◆ TASK GOAL: Among the records that follow, set down only the lines from the one containing "Private covered patio" to the one containing "A modern bedroom", both included, exactly.

(Stored items from a collection)
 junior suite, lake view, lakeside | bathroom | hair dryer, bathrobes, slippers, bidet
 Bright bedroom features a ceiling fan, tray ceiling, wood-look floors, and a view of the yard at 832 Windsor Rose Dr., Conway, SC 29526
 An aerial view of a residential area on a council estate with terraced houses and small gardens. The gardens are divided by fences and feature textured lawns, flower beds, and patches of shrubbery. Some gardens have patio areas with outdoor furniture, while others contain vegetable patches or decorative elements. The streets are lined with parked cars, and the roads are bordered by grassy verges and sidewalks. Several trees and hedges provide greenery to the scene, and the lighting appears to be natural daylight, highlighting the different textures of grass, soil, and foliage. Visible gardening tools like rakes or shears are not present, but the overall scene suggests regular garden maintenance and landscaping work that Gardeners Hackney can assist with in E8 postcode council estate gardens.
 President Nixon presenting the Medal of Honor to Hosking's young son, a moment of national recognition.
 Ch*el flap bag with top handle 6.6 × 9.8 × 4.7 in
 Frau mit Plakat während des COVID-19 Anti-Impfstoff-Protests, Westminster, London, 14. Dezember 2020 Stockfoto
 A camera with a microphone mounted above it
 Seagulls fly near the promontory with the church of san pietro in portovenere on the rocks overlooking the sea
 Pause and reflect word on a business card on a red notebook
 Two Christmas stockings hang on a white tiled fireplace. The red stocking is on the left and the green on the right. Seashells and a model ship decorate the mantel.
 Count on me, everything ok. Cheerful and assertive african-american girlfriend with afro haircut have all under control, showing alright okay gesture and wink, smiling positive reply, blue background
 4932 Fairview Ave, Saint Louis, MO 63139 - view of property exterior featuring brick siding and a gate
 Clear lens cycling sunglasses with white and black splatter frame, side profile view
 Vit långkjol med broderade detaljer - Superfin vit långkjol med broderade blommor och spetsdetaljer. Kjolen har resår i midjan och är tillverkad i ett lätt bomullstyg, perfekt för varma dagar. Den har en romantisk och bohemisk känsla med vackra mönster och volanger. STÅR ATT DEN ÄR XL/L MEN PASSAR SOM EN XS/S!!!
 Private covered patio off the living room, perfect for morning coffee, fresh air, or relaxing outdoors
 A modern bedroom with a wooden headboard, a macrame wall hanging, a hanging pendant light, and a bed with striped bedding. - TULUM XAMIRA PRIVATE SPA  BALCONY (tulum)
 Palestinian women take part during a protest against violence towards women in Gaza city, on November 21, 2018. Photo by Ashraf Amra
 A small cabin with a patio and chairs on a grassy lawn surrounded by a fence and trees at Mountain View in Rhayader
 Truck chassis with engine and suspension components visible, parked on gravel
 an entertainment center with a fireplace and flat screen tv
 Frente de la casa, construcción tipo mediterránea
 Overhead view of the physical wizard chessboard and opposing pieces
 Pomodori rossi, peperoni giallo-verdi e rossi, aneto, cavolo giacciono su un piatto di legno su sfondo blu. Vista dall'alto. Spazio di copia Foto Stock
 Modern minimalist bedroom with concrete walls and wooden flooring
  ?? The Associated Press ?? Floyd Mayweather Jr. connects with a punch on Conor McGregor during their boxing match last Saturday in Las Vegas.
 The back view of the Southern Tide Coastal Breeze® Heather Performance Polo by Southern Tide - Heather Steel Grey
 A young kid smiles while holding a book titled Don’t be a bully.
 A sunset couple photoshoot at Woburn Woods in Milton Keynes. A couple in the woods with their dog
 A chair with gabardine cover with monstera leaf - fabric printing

◆ WORKED SOLUTION:
 Private covered patio off the living room, perfect for morning coffee, fresh air, or relaxing outdoors
 A modern bedroom with a wooden headboard, a macrame wall hanging, a hanging pendant light, and a bed with striped bedding. - TULUM XAMIRA PRIVATE SPA  BALCONY (tulum)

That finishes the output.